:: What the task asks ::
The answer must consist solely of the lines from the one containing "Herno Puffer Jacket" to the end of the entries below, repeated exactly.

:: Excerpted data ::
= Beginning of Section =
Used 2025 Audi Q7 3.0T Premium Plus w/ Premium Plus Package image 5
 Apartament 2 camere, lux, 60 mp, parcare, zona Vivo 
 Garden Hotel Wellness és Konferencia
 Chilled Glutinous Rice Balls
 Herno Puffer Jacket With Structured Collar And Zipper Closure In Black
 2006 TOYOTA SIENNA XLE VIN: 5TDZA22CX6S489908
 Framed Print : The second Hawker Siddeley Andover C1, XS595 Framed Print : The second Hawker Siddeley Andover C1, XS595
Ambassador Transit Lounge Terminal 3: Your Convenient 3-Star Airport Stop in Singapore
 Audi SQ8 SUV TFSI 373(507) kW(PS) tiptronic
= End of Section =
:: Response to the task ::
 Herno Puffer Jacket With Structured Collar And Zipper Closure In Black
 2006 TOYOTA SIENNA XLE VIN: 5TDZA22CX6S489908
 Framed Print : The second Hawker Siddeley Andover C1, XS595 Framed Print : The second Hawker Siddeley Andover C1, XS595
Ambassador Transit Lounge Terminal 3: Your Convenient 3-Star Airport Stop in Singapore
 Audi SQ8 SUV TFSI 373(507) kW(PS) tiptronic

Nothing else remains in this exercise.